Wine trends in Norway

As the climate becomes warmer, Norwegian wine preferences are changing. Liora Levi reports.

Cru Vin & Kjøkken, Oslo
Cru Vin & Kjøkken, Oslo

After a record-breaking hot summer in 2018, the people of Norway left the shelves of Vinmonopolet empty of rosé wines. White and sparkling wines were the next beverages of choice. While sales of white and sparkling wines were up by 6.6% and 7.6% respectively, rosé sales soared by 26.1%.

Wine sales in general increased slightly in 2018, rising 1.9%. Red wine sales were down 2.8% while fortified wines dropped 4%. The non-alcoholic segment also increased, by 12.7%, so for the first time in the history of Vinmonopolet, more non-alcoholic beverages were sold than fortified wines.

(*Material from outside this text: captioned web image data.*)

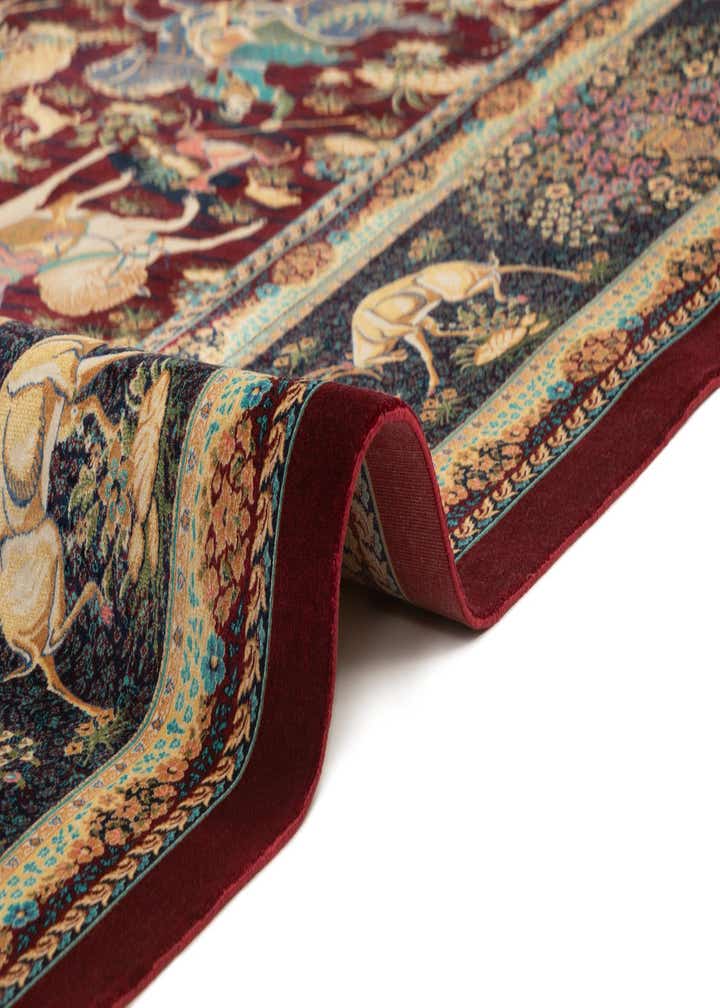 6' 6 x 9' 7 Ghom Design Rug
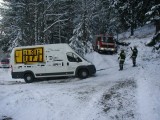 Vorschaubild zu - Fahrzeugbergung in Pettenbach, 29.11.2010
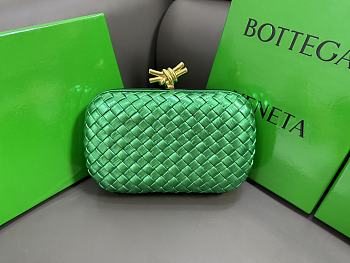 	 Bagsaa Bottega Veneta Knot Neo Green - 20x12x5.5cm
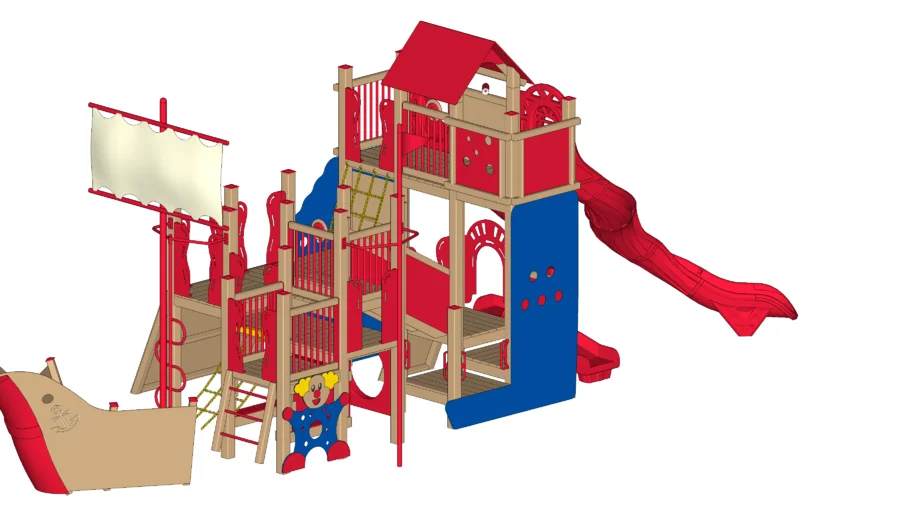 PIRATE SHIP Playground Equipment by Play Mart - Mega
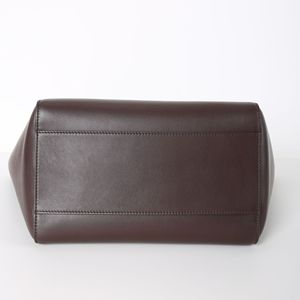 Sac fourre-tout minimaliste en cuir véritable, couleur unie, ouverture supérieure, sac à main pour femme, usage quotidien, toutes saisons - Product Image 4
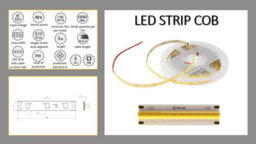 REJS Cob Led Tape, 40W, Ip20, 8mm, Roll 5M, 12V, Warm White - thumbnail 3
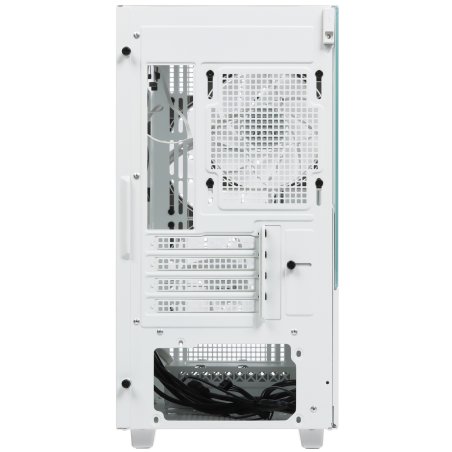 Компьютерный корпус Deepcool CH360 WH без БП, боковое окно (закаленное стекло), 2x140мм ARGb LED вентилятор спереди и 1x120мм ARGb LED вентилятор сзади, белый, mATX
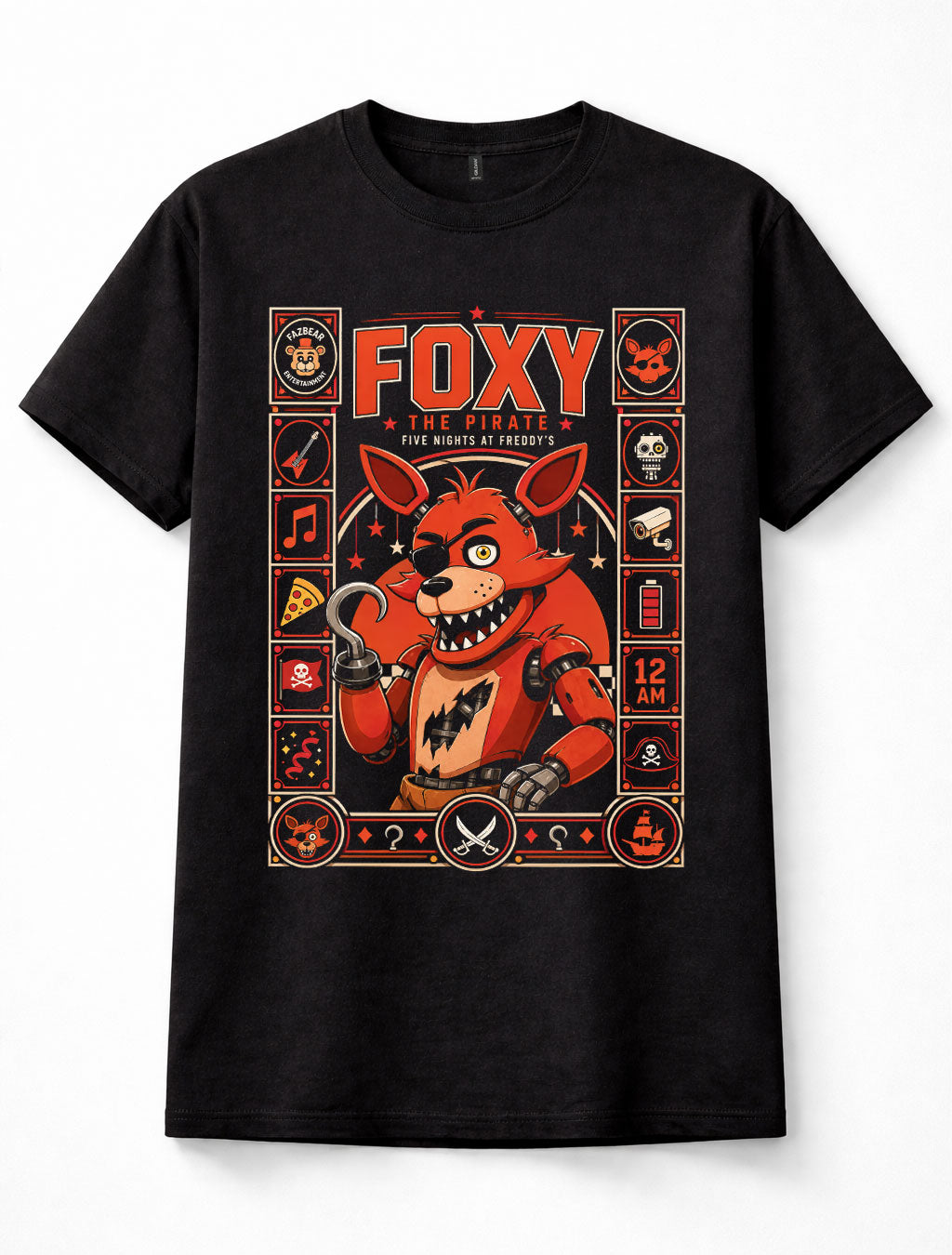 Five Nights at Freddy's Foxy Pirate Animatronic Unisex T-Shirt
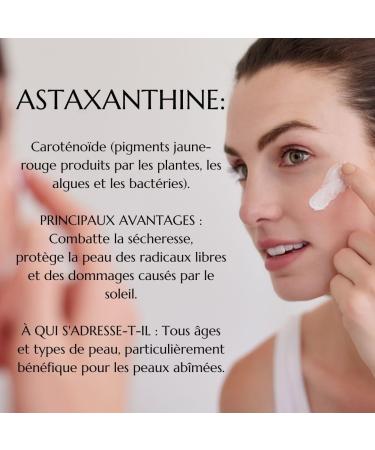 Green idea Astaxanthin cream Nourishing day cream Antioxidant cream Antiaging cream with wild rose oil shea butter panthenol for dry skin antiwrinkle cream 50 ML - Buy Online on GoSupps.com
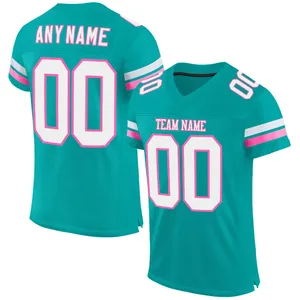 Uniforme de fútbol Americano Italiano ligero personalizado sublimación completa clásico 5xl <span class=keywords><strong>camiseta</strong></span> de fútbol - Product Image 6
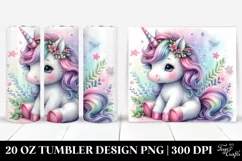 Cute Baby Unicorn from | 20 oz Tumbler Product Image 1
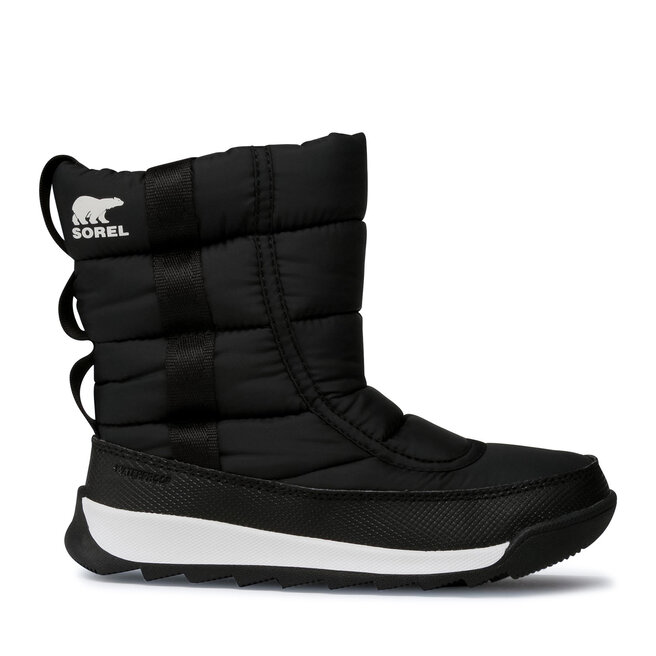 Śniegowce Sorel Youth Whitney II Puffy Mid - Czarny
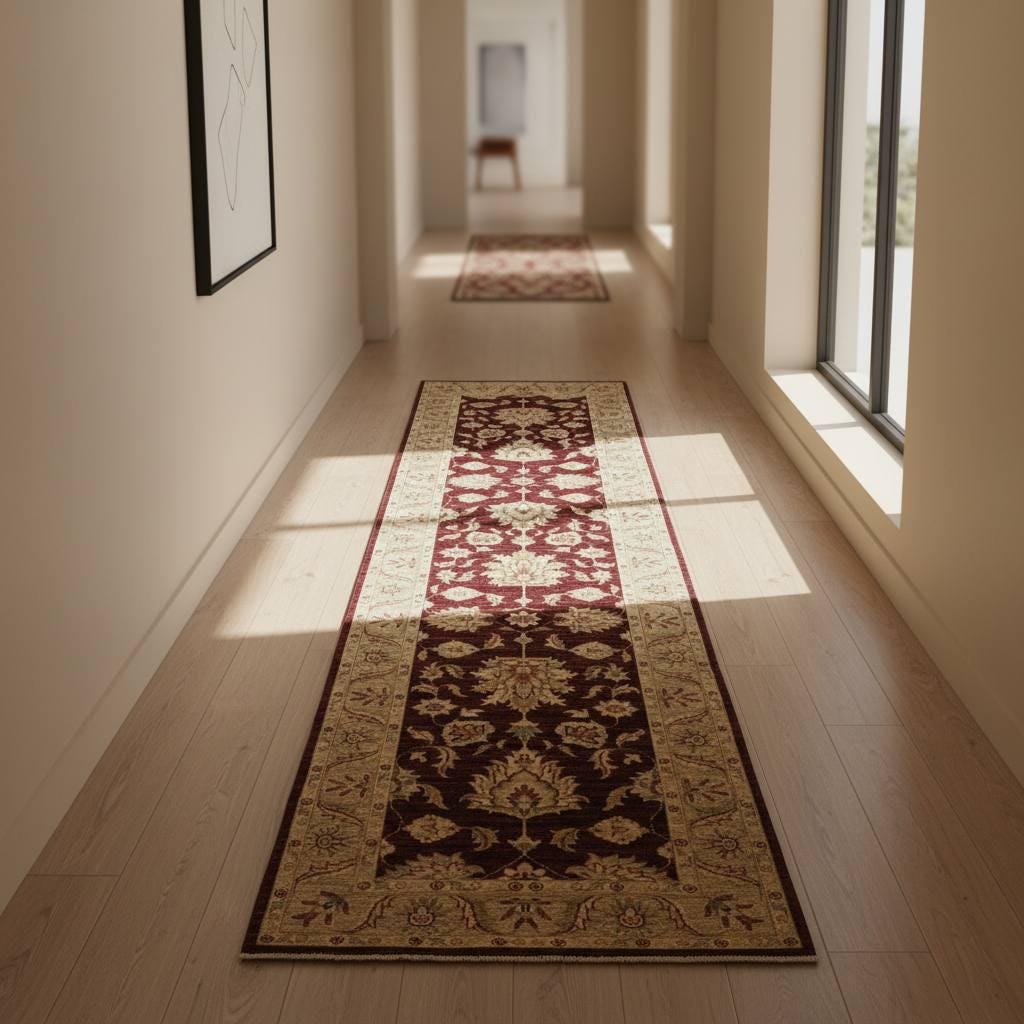 Vintage Afghan Runner Rug Handwoven Wool Hallway Rug Traditional Oriental Corridor Carpet Decor 2.65 x 9.67 ft, Express Shipping 4-6 Day USA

Who is the Norwegian consumer?

Global research firm Kantar TNS did two extensive surveys for Vinmonopolet in 2018 to identify the different needs of consumers. At the end, Kantar created four categories of consumers. It discovered that cost-focused consumers, or those most concerned about price and who want shopping to be simple, represented 19% of the market. The inquiring or seeking segment, meaning those who seek help with their purchases and who are open to try new wines recommended to them, represented 38%. Those who know about wine, and have already made up their minds (conscious) represented 31%, while dedicated consumers who are actively looking for inspiration and for education represented 12%.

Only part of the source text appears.